Other jurisdictions have similar laws intended to aid in the identification of vehicles by citizens or law enforcement, many of which, it appears, are somewhat more specific as to what portion of the license plate has to remain unobstructed, or whether the full plate has to be clearly visible at all times for identification purposes. See State v. Harrison, 846 N.W.2d 362, 369 (Iowa 2014) (“An important purpose of [the statute] along with related sections, is to allow police and citizens to identify vehicles.”); State v. Brooks, No. 2005–L–200, 2007 WL 214406, at *6 (Ohio Ct.App. Jan. 26, 2007) (“The intent of the statute is to require that license plates be visible to law enforcement personnel and others who may have reason to note the number for identification purposes.”). In reading traffic laws premised on factual situations similar to the one here, courts in other jurisdictions have determined that certain unique identifying information on the license plate, such as the issuing state, the registration number, and even the “county name,” is helpful in effectuating the identification of vehicles. See Harrison, supra, 846 N.W.2d at 369 (“Although the county name is unnecessary to conduct a license plate check, it can be useful to help law enforcement track down a vehicle driven by someone who has been observed breaking the law.”); Hayes, supra, 660 P.2d at 1389 (identifying the name of the issuing jurisdiction as critical information); Jacquez, supra, 222 P.3d at 688–89 (concluding that the registration sticker provides the officers with important registration information). We do not see how, nor has the government cited any, legitimate law enforcement and regulatory purposes inherently furthered by prohibiting any obstruction of the identification tag by a foreign material, thereby amounting to a near complete ban on license plate frames, as opposed to only prohibiting the obstruction of identifying information on the tag. Cf. Abbott Labs. v. Young, 287 U.S.App.D.C. 190, 194, 920 F.2d 984, 988 (1990) (“The ‘reasonableness' of [a statutory] construction depends on the construction's ‘fit’ with the statutory language as well as its conformity to statutory purposes. ” (emphasis added)).

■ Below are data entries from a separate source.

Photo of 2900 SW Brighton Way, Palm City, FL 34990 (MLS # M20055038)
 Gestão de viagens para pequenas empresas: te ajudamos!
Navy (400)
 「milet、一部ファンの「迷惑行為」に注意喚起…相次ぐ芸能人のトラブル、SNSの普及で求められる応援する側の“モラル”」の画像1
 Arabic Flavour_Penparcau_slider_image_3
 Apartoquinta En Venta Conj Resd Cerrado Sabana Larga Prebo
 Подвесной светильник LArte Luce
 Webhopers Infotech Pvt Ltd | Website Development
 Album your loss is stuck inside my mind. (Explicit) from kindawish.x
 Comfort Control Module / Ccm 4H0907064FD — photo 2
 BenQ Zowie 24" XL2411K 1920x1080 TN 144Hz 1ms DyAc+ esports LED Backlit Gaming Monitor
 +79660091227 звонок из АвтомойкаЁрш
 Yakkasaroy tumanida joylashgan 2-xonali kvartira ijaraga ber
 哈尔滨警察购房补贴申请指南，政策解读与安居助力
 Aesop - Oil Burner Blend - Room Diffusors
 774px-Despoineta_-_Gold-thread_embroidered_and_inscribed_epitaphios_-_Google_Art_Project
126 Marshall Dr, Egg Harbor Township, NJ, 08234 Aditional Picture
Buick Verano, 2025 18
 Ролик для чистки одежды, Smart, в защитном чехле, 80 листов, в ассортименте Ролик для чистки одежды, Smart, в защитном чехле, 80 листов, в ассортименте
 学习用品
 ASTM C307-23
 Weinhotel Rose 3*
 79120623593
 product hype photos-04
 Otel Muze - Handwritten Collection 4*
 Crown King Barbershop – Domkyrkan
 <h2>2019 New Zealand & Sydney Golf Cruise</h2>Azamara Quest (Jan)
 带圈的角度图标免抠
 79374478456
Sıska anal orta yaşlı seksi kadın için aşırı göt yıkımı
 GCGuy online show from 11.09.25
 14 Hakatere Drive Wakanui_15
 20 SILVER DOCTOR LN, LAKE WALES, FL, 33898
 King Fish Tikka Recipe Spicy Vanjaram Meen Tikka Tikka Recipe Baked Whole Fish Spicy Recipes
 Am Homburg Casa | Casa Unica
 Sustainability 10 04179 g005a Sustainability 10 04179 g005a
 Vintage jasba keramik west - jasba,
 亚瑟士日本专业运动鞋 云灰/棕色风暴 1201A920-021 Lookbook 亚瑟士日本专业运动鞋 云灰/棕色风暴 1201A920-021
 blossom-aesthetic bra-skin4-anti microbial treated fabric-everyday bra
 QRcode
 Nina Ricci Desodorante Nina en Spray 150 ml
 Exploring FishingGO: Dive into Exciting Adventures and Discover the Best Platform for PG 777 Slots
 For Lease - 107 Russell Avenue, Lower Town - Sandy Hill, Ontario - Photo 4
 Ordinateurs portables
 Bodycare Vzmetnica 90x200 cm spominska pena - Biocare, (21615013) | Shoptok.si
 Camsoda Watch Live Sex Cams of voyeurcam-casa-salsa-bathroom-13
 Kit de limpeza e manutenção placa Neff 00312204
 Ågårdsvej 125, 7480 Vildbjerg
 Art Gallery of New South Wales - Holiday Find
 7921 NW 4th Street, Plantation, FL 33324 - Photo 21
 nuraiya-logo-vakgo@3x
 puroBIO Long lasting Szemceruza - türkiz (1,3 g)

See generally Ga.Code Ann. § 40–2–41 (2000) (“No license plate shall be covered with any material unless the material is colorless and transparent. No apparatus that obstructs or hinders the clear display and legibility of a license plate shall be attached to the rear of any motor vehicle required to be registered in the state.” (emphasis added)); Iowa Code § 321.37(3) (1997) (“It is unlawful for the owner of a vehicle to place any frame around or over the registration plate which does not permit full view of all numerals and letters printed on the registration plate.” (emphasis added)); Iowa Code § 321.166(2) (2010 Supp.) (“Every registration plate issued by the county treasurer shall display the name of the county....”); N.J. Stat. Ann. § 39:3–33 (West 1989) (“No person shall drive a motor vehicle which has a license plate frame or identification marker holder that conceals or otherwise obscures any part of any marking imprinted upon the vehicle's registration plate ....” (emphasis added)).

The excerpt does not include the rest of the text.